Decision Resources, one of the world's leading research and advisory firms for pharmaceutical and healthcare issues, finds that, owing to the emergence of new agents that have the potential to affect disease progression, the Alzheimer's disease drug market will more than triple, from $4.3 billion in 2009 to $13.3 billion in 2019 in the United States, France, Germany, Italy, Spain, the United Kingdom and Japan.
The Pharmacor 2010 findings from the topic entitled Alzheimer's Disease reveal that growth will be driven primarily by the first biologic agents to enter the market—Eli Lilly's solanezumab and Johnson & Johnson/Pfizer's bapineuzumab. These anti-beta-amyloid monoclonal antibodies (MAbs), which have the potential to slow the rate of neurodegeneration and cognitive decline, together will earn more than $6.9 billion in the world's major pharmaceutical markets in 2019.

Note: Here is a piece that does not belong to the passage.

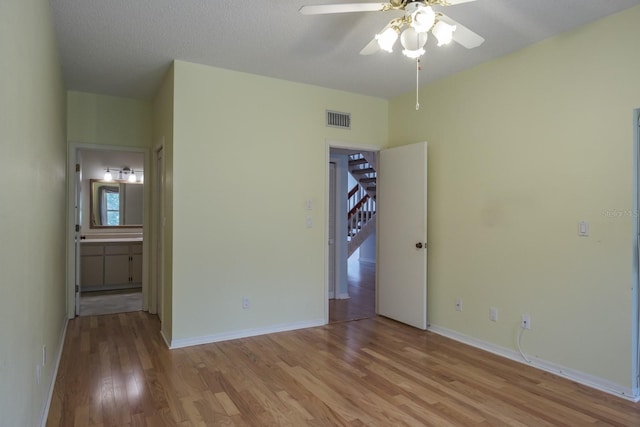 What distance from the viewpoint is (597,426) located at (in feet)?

Currently, the market for Alzheimer's disease therapies is dominated by acetylcholinesterase inhibitors (AChEIs), which treat only cognitive symptoms without modifying the course of the disease. Although interviewed experts indicate that the anti-beta-amyloid MAbs have the most clinical and commercial promise in Alzheimer's disease, continued use of symptomatic agents such as the AChEI donepezil (Eisai/Pfizer's Aricept, Bracco's Memac) will help to maintain the AChEI drug class over the next decade.

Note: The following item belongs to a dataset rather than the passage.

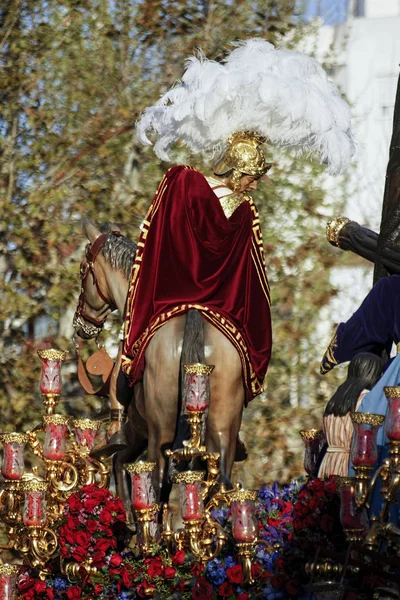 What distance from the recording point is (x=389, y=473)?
6102mm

"Despite increased generic competition and the launch of more-expensive and potentially more-efficacious therapies, AChEI sales will be buoyed through 2019," said Decision Resources Director Bethany Kiernan, Ph.D. "This will be largely due to an overall market expansion driven by increases in the number of drug-treated patients but also, to a lesser extent, by the launch of new formulations of branded AChEIs."